WHAT IS REQUIRED: Every line below should be set down exactly as it appears.

++++ DATA FOR PROCESSING ++++

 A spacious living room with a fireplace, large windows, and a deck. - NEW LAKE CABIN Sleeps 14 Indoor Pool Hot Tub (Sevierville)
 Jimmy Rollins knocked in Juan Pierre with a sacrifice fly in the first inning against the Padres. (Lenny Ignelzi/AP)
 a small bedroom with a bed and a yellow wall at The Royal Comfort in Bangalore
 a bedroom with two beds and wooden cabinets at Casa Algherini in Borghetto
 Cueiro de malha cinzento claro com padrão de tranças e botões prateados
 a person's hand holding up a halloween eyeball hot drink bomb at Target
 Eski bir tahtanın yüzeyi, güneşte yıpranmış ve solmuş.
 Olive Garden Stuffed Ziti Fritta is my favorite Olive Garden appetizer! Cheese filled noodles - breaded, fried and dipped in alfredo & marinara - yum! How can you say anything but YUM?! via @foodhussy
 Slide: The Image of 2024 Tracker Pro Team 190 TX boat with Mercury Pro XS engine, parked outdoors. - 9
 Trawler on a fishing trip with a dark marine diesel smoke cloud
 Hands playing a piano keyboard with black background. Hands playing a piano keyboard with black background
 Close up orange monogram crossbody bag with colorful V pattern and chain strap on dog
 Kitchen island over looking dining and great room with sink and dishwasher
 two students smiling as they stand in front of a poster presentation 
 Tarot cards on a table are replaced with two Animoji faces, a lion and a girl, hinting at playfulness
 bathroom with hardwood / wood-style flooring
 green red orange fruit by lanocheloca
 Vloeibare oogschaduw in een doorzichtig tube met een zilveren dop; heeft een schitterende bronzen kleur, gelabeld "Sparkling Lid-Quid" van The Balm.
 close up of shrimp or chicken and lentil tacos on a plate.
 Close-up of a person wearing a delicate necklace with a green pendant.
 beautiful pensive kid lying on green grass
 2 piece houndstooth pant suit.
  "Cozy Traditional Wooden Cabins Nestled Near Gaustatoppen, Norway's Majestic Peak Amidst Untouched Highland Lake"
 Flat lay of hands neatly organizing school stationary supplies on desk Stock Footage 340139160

++++

ANSWER SPACE:
 A spacious living room with a fireplace, large windows, and a deck. - NEW LAKE CABIN Sleeps 14 Indoor Pool Hot Tub (Sevierville)
 Jimmy Rollins knocked in Juan Pierre with a sacrifice fly in the first inning against the Padres. (Lenny Ignelzi/AP)
 a small bedroom with a bed and a yellow wall at The Royal Comfort in Bangalore
 a bedroom with two beds and wooden cabinets at Casa Algherini in Borghetto
 Cueiro de malha cinzento claro com padrão de tranças e botões prateados
 a person's hand holding up a halloween eyeball hot drink bomb at Target
 Eski bir tahtanın yüzeyi, güneşte yıpranmış ve solmuş.
 Olive Garden Stuffed Ziti Fritta is my favorite Olive Garden appetizer! Cheese filled noodles - breaded, fried and dipped in alfredo & marinara - yum! How can you say anything but YUM?! via @foodhussy
 Slide: The Image of 2024 Tracker Pro Team 190 TX boat with Mercury Pro XS engine, parked outdoors. - 9
 Trawler on a fishing trip with a dark marine diesel smoke cloud
 Hands playing a piano keyboard with black background. Hands playing a piano keyboard with black background
 Close up orange monogram crossbody bag with colorful V pattern and chain strap on dog
 Kitchen island over looking dining and great room with sink and dishwasher
 two students smiling as they stand in front of a poster presentation 
 Tarot cards on a table are replaced with two Animoji faces, a lion and a girl, hinting at playfulness
 bathroom with hardwood / wood-style flooring
 green red orange fruit by lanocheloca
 Vloeibare oogschaduw in een doorzichtig tube met een zilveren dop; heeft een schitterende bronzen kleur, gelabeld "Sparkling Lid-Quid" van The Balm.
 close up of shrimp or chicken and lentil tacos on a plate.
 Close-up of a person wearing a delicate necklace with a green pendant.
 beautiful pensive kid lying on green grass
 2 piece houndstooth pant suit.
  "Cozy Traditional Wooden Cabins Nestled Near Gaustatoppen, Norway's Majestic Peak Amidst Untouched Highland Lake"
 Flat lay of hands neatly organizing school stationary supplies on desk Stock Footage 340139160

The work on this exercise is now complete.